HISTORICAL ROW: OLIN LIBRARY TURNS 75
Olin Library, dedicated in 1928, has reached the ripe old age of 75. Built by the well-known New York firm of McKim, Mead, and White, and based on original plans by architect Henry Bacon, Olin was constructed during a period of prosperity and expansion at Wesleyan. Three major renovations later, Olin is still a striking and beloved feature of the Wesleyan campus.
Do those grand columns remind you a bit of a famous memorial in Washington, D.C.? Well, there’s a reason for that. In January 1923, less than a year after the dedication of his best-known building, the Lincoln Memorial, Bacon made preliminary sketches for the new Wesleyan library. By that time, he had already completed four Wesleyan buildings—Eclectic (1907), Skull and Serpent (1914), Van Vleck Observatory (1916), and Clark Hall (1916)—as well as developed an overall campus plan (1913) that was never completely adopted. When Bacon died in 1924, at age 56 and at the height of his career, the Olin library project was turned over to McKim, Mead, and White, for whom Bacon had worked as a young architect.
While Olin Library is a unique building, it is not a unique name on college campuses. Both Washington University in St. Louis and Rollins College in Winter Park, Fla., also have Olin libraries, each named for different Olin families or foundations. Our Olin Library honors Stephen Olin, Wesleyan’s second president, and his son, Stephen Henry Olin, Class of 1866, a long-term, influential member of Wesleyan’s board of trustees. Emeline Olin, Stephen Henry Olin’s widow, was a primary donor.

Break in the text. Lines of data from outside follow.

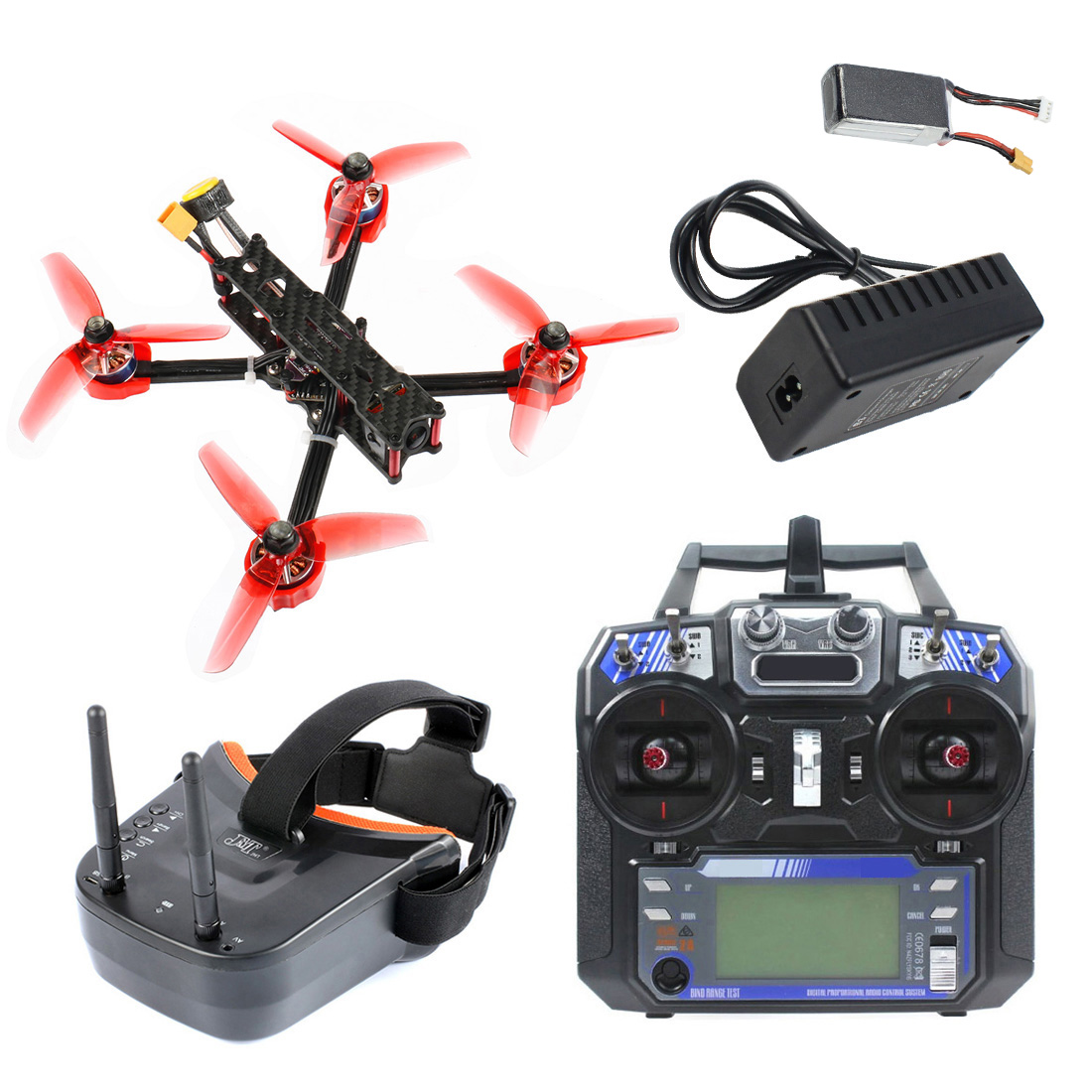 Drone Rc Fpv Manual - Dron de Carreras FPV JMT F4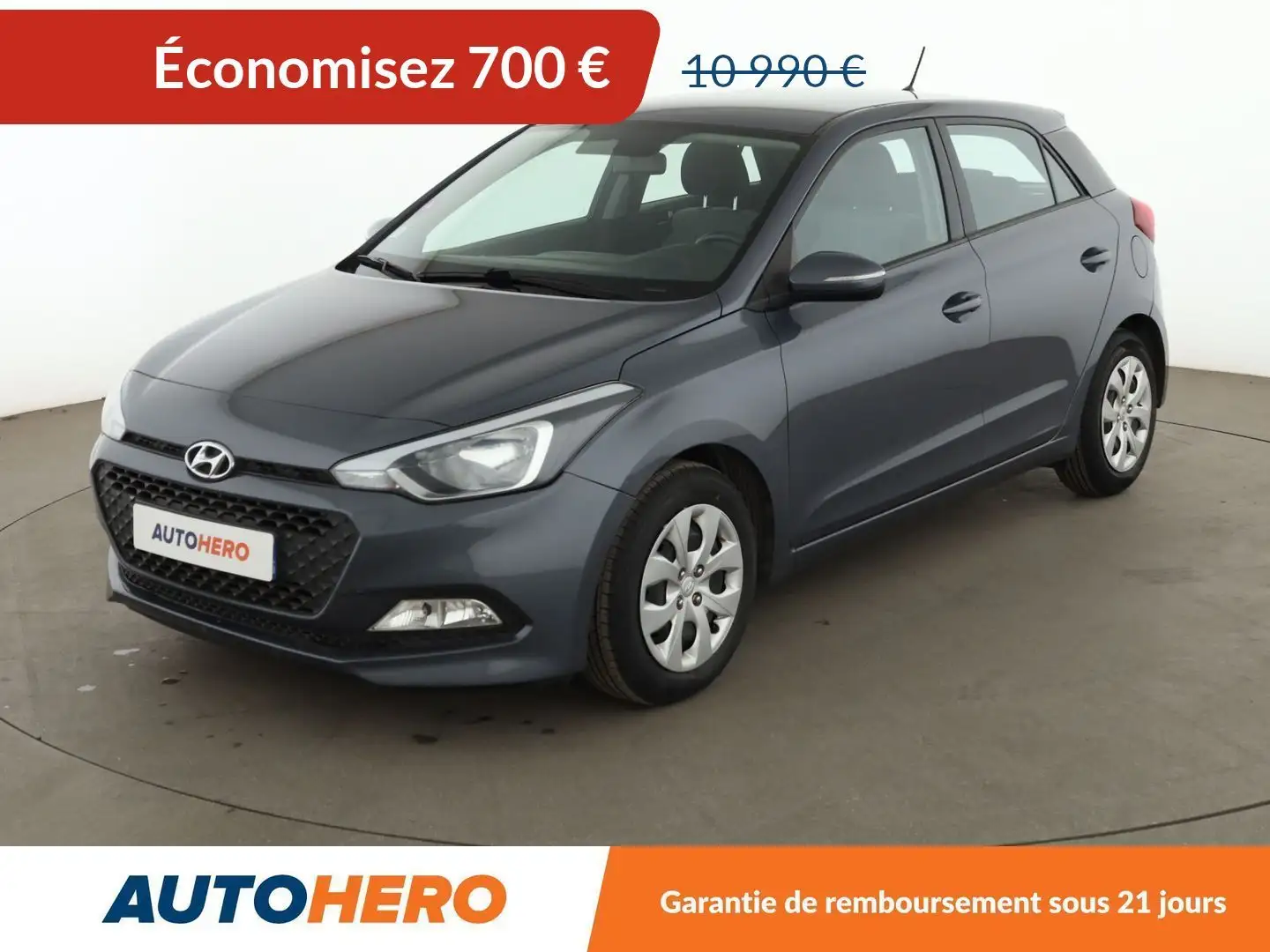 Hyundai i20 1.2 Initia Gris - 1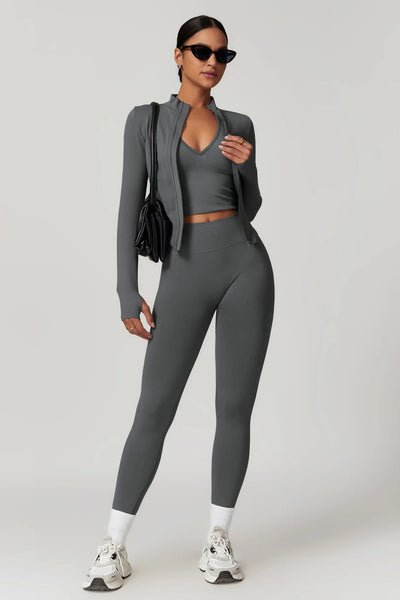 Eva Zipper Jacket | Deep Grey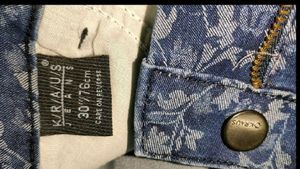 Printed denim Shorts 30 Size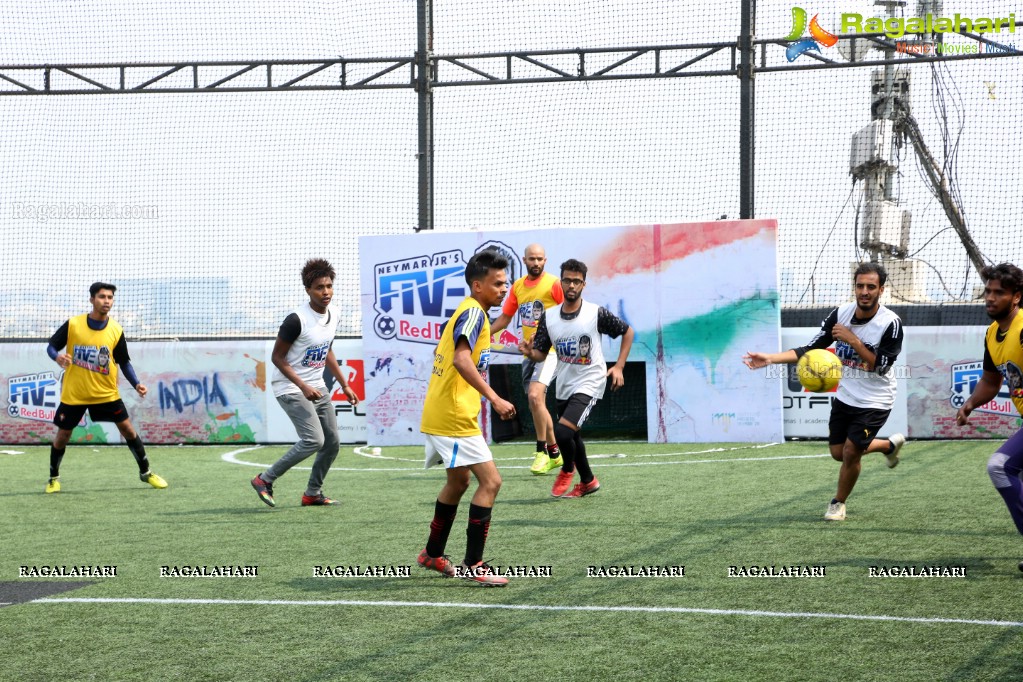 Rell Bull's Neymar Jr's Five 2018 Qualifiers Match in Begumpet, Hyderabad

Furthermore, Olin Library was not Wesleyan’s first separate library building. The structure now known as Patricelli ’92 Theater was designed, not by a famous architect, but by Wesleyan’s president Joseph Cummings. He wanted a light and airy new library, in the then-popular alcove style, and he supervised its construction himself. Rich Hall, named after prominent Methodist benefactor Isaac Rich, was dedicated in 1868. By the early 20th century, Rich Hall was nearing its capacity of 80,000 volumes, and planning began for a new university library.
With this experience in mind, Olin was built with an eye to the eventual need for expansion. The architects designed a north wall that could be easily removed and left its façade, facing Andrus Field, unadorned. In 1938, the book stacks were extended to the north, adding a more elaborate façade. A connector to Harriman Hall, including a second reference room, was built in 1956 when Harriman was remodeled as the Public Affairs Center. The opening of the Art Library and the Science Library further eased crowding in Olin, but by the 1970s, Olin was again nearly out of space. Several futuristic ideas, some involving razing Olin, were explored.
Happily, Olin was saved and expanded. Boston architects Perry, Dean, Rogers built a wrap-around addition that nearly doubled stack space, while showing off both the old and new parts of Olin to considerable advantage. Formally rededicated in September 1986, Olin Memorial Library’s renovation had been planned to accommodate projected growth to 2000. Not surprisingly, these predictions proved correct, and a new cycle of library space planning is once again getting underway.
Of course, the history of a library is far more complex than just the history of its building. The current exhibition at the library, which opened in late January and continues through the middle of the spring semester, explores Olin’s history from many angles. Whichever way you look at it, though, it’s clear that Wesleyan’s library, this 75-year-old structure, is thriving.